**DATA SHOWN**:
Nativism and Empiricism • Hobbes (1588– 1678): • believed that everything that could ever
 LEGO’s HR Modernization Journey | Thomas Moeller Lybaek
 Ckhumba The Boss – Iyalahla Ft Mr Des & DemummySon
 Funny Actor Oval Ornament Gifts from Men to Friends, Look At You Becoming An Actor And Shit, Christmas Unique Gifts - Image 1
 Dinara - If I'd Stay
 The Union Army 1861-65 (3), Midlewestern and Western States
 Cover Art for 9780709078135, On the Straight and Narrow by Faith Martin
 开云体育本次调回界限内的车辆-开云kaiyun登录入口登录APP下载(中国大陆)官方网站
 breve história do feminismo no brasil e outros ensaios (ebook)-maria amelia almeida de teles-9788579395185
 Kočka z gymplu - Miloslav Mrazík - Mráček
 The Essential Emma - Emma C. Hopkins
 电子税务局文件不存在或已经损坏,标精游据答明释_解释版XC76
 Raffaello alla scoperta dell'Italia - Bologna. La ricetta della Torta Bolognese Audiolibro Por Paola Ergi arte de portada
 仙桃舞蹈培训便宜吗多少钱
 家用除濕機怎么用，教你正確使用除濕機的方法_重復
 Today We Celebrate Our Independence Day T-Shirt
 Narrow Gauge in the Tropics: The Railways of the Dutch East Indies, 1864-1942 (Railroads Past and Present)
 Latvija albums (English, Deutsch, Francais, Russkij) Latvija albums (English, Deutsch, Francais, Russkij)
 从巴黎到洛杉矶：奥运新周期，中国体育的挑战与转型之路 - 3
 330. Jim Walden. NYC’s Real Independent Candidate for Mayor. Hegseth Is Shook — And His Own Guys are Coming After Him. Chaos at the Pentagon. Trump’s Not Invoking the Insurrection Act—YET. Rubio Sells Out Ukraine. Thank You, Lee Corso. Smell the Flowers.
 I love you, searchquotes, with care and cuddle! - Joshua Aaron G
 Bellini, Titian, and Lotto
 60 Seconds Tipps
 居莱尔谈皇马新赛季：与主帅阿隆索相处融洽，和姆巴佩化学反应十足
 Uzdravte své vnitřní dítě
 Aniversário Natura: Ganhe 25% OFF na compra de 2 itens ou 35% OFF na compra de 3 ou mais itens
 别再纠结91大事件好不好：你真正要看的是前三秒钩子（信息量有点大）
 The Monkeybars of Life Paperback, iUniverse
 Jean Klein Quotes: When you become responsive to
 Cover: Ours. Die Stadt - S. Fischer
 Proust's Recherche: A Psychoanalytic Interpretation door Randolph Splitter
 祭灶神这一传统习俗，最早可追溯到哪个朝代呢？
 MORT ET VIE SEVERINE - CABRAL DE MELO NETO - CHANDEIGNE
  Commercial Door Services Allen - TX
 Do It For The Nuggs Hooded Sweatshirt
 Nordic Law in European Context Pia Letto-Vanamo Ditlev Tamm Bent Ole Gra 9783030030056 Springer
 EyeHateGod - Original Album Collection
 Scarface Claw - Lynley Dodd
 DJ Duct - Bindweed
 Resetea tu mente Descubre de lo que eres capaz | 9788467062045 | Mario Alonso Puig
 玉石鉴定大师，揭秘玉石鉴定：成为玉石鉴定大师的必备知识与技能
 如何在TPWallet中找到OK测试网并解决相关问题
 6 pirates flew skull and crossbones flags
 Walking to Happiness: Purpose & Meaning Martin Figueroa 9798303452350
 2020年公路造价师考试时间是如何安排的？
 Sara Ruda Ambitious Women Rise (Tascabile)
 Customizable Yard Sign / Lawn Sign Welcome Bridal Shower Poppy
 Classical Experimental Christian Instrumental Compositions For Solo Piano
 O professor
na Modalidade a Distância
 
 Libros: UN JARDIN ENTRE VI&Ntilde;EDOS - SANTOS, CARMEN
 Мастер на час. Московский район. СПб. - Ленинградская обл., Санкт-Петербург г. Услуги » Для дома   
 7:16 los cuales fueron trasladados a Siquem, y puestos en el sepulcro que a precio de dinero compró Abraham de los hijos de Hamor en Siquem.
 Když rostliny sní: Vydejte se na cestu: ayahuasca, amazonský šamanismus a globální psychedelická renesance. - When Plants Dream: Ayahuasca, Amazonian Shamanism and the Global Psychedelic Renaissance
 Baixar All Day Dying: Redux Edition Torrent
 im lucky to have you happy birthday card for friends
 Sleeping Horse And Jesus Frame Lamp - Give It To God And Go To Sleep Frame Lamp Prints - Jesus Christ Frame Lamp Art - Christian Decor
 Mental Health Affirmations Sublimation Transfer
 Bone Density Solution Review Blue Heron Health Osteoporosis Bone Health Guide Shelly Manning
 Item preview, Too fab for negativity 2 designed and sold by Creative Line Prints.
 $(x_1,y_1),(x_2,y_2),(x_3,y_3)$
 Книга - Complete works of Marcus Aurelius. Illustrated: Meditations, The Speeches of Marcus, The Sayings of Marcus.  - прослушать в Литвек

**TRY IT**: All lines of the listing holding the string "Narrow" must be returned, copied as they stand.

**PROBLEM SOLUTION**:
 Cover Art for 9780709078135, On the Straight and Narrow by Faith Martin
 Narrow Gauge in the Tropics: The Railways of the Dutch East Indies, 1864-1942 (Railroads Past and Present)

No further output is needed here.